During immigration talks in the Oval Office, President Trump reportedly grew frustrated, using a crude description of Haiti, El Salvador and African countries, according to a report from the Washington Post.
"Why are we having all these people from shithole countries come here?" Trump reportedly told lawmakers on Thursday.
The president then suggested that the U.S. try to increase immigration from countries like Norway, whose prime minister he met with this week.
The Post's report was based on two sources who were briefed on the meeting. The meeting was attended by Sens. Lindsey Graham, R-S.C., Dick Durbin, D-Ill., and Tom Cotton, R-Ark.,, as well as Rep.
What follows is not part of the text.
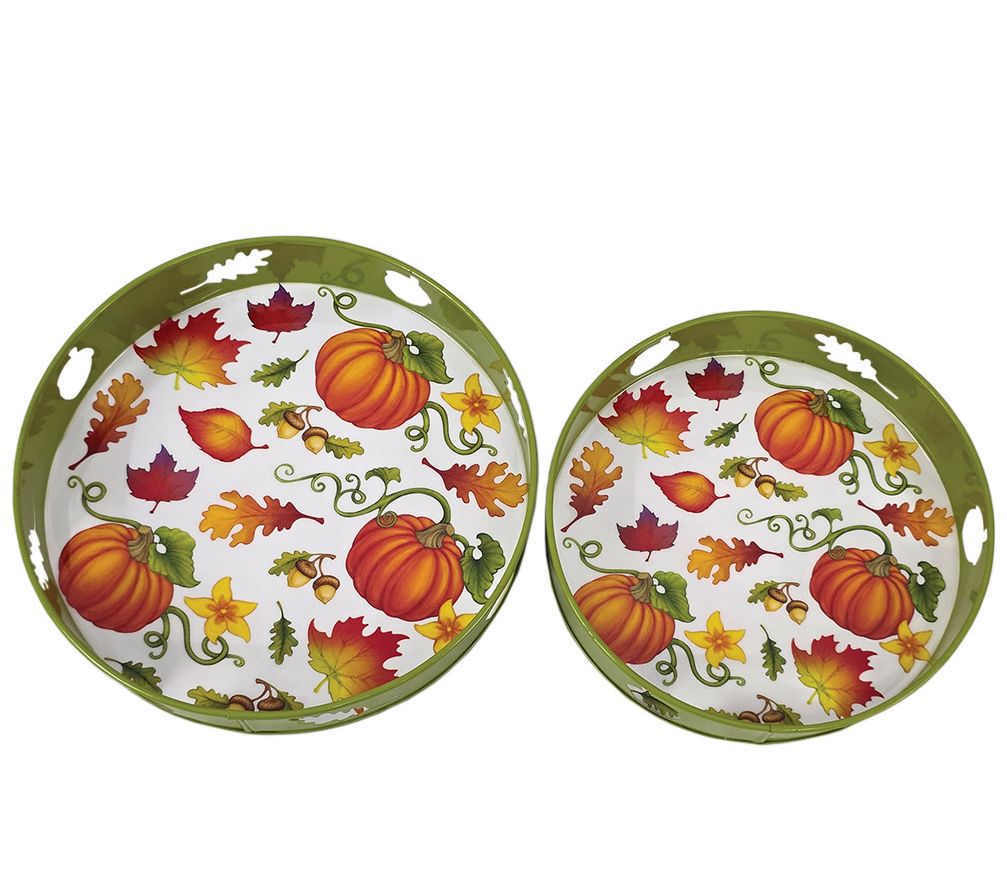 "As Is" Temp-tations Set/2 10" & 12" Round Nesting Metal Trays
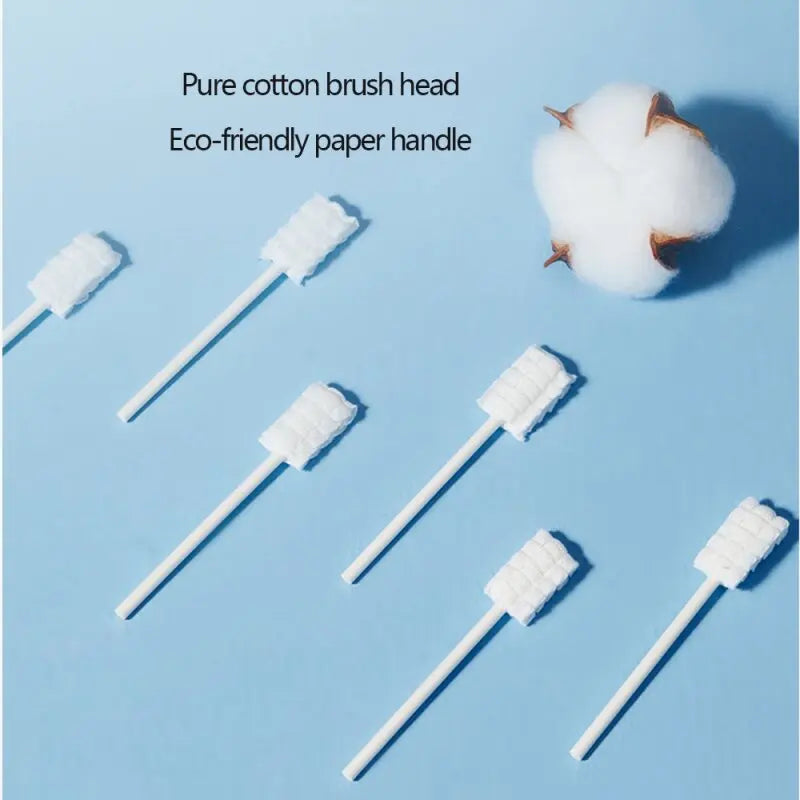 Baby Oral Disposable Cleaner Newborn Milk Teeth Tongue Brush Cotton Swabs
Bob Goodlatte, R-Va.
Per the Post, lawmakers were surprised by the president's comments.
This week the Trump administration announced that it was ending temporary legal protective status for 200,000 immigrants from El Salvador who have lived in the United States for nearly two decades. Last year, he removed protections from immigrants from Haiti. The temporary status was granted to immigrants from those two countries plus Nicaragua because of natural disasters that made their homes uninhabitable.
In response to the reported "shithole countries" comments, the White House did not deny that the president used the phrase.
"The president will only accept an immigration deal that adequately addresses the visa lottery system and chain migration -- two programs that hurt our country and allow terrorists into our country," White House spokesman Raj Shah said in a statement. "Like other nations that have merit-based immigration, President Trump is fighting for permanent solutions that make our country stronger by welcoming those who can contribute to our society, grow our economy and assimilate into our great nation."
The reported comments come as Trump and lawmakers are in negotiations over immigration reform. Trump has signaled he would sign a bill to protect 800,000 undocumented immigrants who entered the country as children, known as "DREAMers, but only if it included funding for a wall along the U.S.-Mexican border.
White House Press Secretary Sarah Sanders said Thursday that there is no deal yet, but "we still think we can get there."